Scottish Justice Secretary trusts independent biometrics commissioner will gain public trust in data use
Scottish Justice Secretary Humza Yousaf has made the commitment that the long-awaited biometrics commissioner will make the public more confident their data is used in a “lawful and ethical” manner, writes Scottish Legal News.
Yousaf assured the Scottish Parliament that the biometrics commissioner would be independent and would closely monitor how this data is used in the criminal justice system, following MSP approval of the general principles outlined in the bill.
Yousaf explained the law would ensure safety in the community, but it would also respect individuals’ rights and improve police work.

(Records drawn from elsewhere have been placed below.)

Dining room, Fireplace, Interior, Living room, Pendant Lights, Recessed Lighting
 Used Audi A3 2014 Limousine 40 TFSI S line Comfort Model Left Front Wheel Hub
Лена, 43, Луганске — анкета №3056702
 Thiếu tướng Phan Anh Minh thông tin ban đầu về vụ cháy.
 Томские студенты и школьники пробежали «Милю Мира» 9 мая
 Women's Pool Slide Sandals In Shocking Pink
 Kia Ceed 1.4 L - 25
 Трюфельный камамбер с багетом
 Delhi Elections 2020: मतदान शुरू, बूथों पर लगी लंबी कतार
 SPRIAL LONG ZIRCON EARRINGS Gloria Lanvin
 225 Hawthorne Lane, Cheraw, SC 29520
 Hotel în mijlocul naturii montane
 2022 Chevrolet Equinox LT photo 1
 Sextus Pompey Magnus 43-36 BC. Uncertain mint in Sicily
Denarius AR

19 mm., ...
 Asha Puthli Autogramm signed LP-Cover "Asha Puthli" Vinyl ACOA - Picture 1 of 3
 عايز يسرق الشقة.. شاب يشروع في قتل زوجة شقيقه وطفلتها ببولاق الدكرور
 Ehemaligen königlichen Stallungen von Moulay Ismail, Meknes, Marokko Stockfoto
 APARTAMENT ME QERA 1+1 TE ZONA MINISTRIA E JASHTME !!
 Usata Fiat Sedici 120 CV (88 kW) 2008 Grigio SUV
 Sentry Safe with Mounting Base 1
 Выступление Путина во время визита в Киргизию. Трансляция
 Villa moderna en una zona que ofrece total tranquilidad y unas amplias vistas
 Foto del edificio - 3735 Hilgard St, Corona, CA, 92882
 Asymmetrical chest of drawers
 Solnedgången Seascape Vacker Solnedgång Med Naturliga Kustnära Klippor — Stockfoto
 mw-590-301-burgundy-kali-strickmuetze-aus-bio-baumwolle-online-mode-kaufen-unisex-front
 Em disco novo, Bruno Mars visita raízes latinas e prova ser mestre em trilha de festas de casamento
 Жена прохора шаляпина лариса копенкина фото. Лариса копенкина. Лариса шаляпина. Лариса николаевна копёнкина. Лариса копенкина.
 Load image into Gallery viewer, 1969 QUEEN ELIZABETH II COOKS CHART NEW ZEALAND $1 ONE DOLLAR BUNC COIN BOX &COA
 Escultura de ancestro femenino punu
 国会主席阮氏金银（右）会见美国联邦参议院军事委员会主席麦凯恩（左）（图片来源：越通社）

“Given the explosion in biometric data and technologies in recent years, it is all the more important that we have an independent commissioner who will lead a national conversation about rights, responsibilities and standards,” he said.
The Bill was welcomed by Scottish Labour MSP James Kelly who believes an independent biometric commissioner is an important addition.
“I think there are issues that have come out in the Justice Committee’s report around the scope of the commissioner’s role, the powers that they have and access, and I hope the Cabinet Secretary takes on board some of the views that have already been expressed,” Kelly said.
“I’m sure if there aren’t appropriate changes ahead of stage two, members across the chamber will bring forward amendments to seek to strengthen this Bill to make it more effective and more robust.”
Last year, a coalition of rights advocacy groups called on Scotland’s government to expand the scope of the proposed biometrics commissioner position.